Não se exclui a possibilidade de, noutro momento, se conferir ao título do Dicionário um conteúdo mais alargado, visando outras literaturas de língua portuguesa (p. ex.; Dicionário de Personagens das Literaturas de Língua Portuguesa) .
Este é, por conseguinte, um projeto em desenvolvimento.
2. Dimensão e alcance
O Dicionário é entendido como resultado extensivo do projeto “Figuras da Ficção”. Nesse contexto, o Dicionário é concebido como uma obra articulada sobre quatro linhas de desenvolvimento:
- a personagem, enquanto categoria narrativa com reconhecido potencial semântico e diversificada elaboração, em várias épocas e géneros narrativos;
- a literatura portuguesa, enquanto campo literário que corresponde ao que é usual designar como literatura nacional e determinando o fundamental do corpus de entradas;
- a história literária, enquanto processo que envolve transformações que incidem sobre a categoria narrativa aqui em causa, designadamente (mas não só) no que toca ao devir de movimentos periodológicos;
- os estudos narrativos, enquanto campo teórico alargado e interdisciplinarmente enriquecido por extensões que conduzem a narrativas não literárias e não verbais (cinema, jornalismo, televisão, banda desenhada, videogames, etc.), contempladas na medida em que ilustram a sobrevida da personagem literária noutros contextos e suportes, com destaque para a questão da transposição intermediática.

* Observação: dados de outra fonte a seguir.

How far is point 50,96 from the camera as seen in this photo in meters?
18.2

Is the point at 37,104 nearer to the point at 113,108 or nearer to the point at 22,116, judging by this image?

Para a sustentada fixação do âmbito de alcance do Dicionário contribuirá um circunstanciado texto de introdução, que servirá ainda de atualização teórica do conceito de personagem e dos que lhe são correlatos (figura, figuração, etc.).
Para além disso e ainda em termos genéricos, o Dicionário incidirá prioritariamente sobre personagens da ficção narrativa portuguesa (p. ex., Joaninha, Eurico, Simão Botelho, João Semana, João da Ega, Malhadinhas, Álvaro Silvestre, Palma Bravo, Blimunda, etc.); para uma eventual versão alargada ficam os tipos com representatividade na literatura portuguesa (p. ex., o guerreiro, o brasileiro, o escritor, o jornalista, etc.). O Dicionário acolherá ainda, enquanto conceitos a tratar como entradas autónomas, géneros e subgéneros narrativos (p. ex.: romance, romance histórico, novela sentimental, crónica, etc.); nestas entradas, serão valorizadas personagens com menor visibilidade e fortuna crítica, assim se compensando a sua ausência enquanto “entradas” individualizadas. As remissões dinamizarão os movimentos de interação que assim ficam previstos, entre géneros (e subgéneros) narrativos e personagens.
Sem prejuízo do que ficou dito acima, o elenco de autores e de textos de onde sairá a parte mais substancial do repertório de personagens situar-se-á predominantemente no arco cronológico que vai do século XIX à atualidade. Um tal arco cronológico traduz o reconhecimento de que, nele e nos diversos movimentos literários que o preenchem, a personagem ganha densidade própria; trata-se do tempo de maturação e de consolidação do romance, como género narrativo em que se aprofundam as virtualidades semântico-pragmáticas da personagem.
O Dicionário não se limitará a ser uma obra com alcance meramente descritivo; ele privilegiará uma dimensão exegética, com certo índice de problematização das matérias contempladas. Decorre daqui a conveniência de ser constituído um corpus “seleto”, mais do que extensivo.